Both postoperative acute kidney injury (AKI) and preoperative chronic kidney disease (CKD) are associated with significantly worse outcomes following surgery. The relationship of both of these conditions with each other and with CKD progression after surgery remains poorly studied. Our objective was to assess if there was an interaction between preoperative kidney function estimated by preoperative estimated glomerular filtration rate (eGFR)/CKD stage, postoperative AKI, and eGFR/CKD progression within 1 year of surgery. Our hypothesis was that AKI severity would be associated with a faster time to eGFR/CKD stage progression within 1 year of surgery in a graded-fashion, which would be exacerbated by preoperative kidney dysfunction.
This was a retrospective cohort study at Landspitali University Hospital in Iceland, which serves about 75% of the population. Participants included adults receiving their first major anesthetic between 2005 and 2018. Patients with CKD stage 5, undergoing major urologic procedures, or having missing creatinine values for follow-up of eGFR stage were excluded from analysis. The primary exposure was postoperative AKI stage within 7 days after surgery classified by the kidney disease improving global outcome (KDIGO) criteria. The primary outcome was time to progression of CKD by at least 1 eGFR/CKD stage within 1-year following surgery. Multivariable Cox proportional hazards models were used to estimate hazard of eGFR/CKD stage progression, including an interaction between AKI and preoperative CKD on eGFR/CKD stage progression.

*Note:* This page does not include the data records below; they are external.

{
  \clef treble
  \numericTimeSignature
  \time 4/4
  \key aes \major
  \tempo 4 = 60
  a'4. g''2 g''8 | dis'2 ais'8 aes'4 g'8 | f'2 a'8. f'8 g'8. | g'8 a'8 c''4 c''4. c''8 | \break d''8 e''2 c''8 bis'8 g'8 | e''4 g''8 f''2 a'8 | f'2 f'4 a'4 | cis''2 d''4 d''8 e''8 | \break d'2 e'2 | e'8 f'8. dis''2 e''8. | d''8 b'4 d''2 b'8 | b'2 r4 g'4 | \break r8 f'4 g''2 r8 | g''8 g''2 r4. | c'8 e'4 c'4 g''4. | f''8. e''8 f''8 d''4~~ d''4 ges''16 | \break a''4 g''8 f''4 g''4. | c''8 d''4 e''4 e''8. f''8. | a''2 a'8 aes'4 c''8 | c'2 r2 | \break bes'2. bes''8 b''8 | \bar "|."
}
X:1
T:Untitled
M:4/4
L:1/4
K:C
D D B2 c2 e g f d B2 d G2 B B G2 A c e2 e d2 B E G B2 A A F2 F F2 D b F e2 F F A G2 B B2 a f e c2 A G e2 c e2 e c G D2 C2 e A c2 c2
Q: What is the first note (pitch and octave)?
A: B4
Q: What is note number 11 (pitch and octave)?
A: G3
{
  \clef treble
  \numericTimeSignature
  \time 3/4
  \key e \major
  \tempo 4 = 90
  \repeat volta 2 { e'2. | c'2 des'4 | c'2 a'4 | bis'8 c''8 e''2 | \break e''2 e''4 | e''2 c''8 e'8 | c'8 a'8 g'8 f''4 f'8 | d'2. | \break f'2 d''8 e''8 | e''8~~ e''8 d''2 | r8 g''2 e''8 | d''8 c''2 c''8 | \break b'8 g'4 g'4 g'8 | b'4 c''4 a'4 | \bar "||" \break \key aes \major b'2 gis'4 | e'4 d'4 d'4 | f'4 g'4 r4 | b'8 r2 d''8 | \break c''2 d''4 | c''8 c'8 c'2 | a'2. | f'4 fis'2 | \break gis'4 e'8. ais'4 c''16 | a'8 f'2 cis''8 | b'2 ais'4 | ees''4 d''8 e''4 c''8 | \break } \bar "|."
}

A total of 5548 patients were studied. In the multivariable model adjusting for baseline eGFR/CKD stage, when compared to patients without AKI, postoperative AKI stage 1 (hazard ratio [HR], 5.91; 95% confidence interval [CI], 4.34–8.05), stage 2 (HR, 3.86; 95% CI, 1.82–8.16), and stage 3 (HR, 3.61; 95% CI, 1.49–8.74) were all independently associated with faster time to eGFR/CKD stage progression within 1 year following surgery, though increasing AKI severity did not confer additional risk. The only significant interaction between the degree of AKI and the preexisting renal function was for stage 1 AKI, where the odds of 1-year eGFR/CKD stage progression actually decreased in patients with preoperative CKD categories 3a, 3b, and 4.
KDIGO-AKI was independently associated with eGFR/CKD stage progression within the year following surgery after adjustment for baseline eGFR/CKD stage and without an interaction between worse preoperative kidney function and higher stage AKI. Our observations suggest that further studies are warranted to test whether CKD progression could be prevented by the adoption of perioperative kidney protective practices.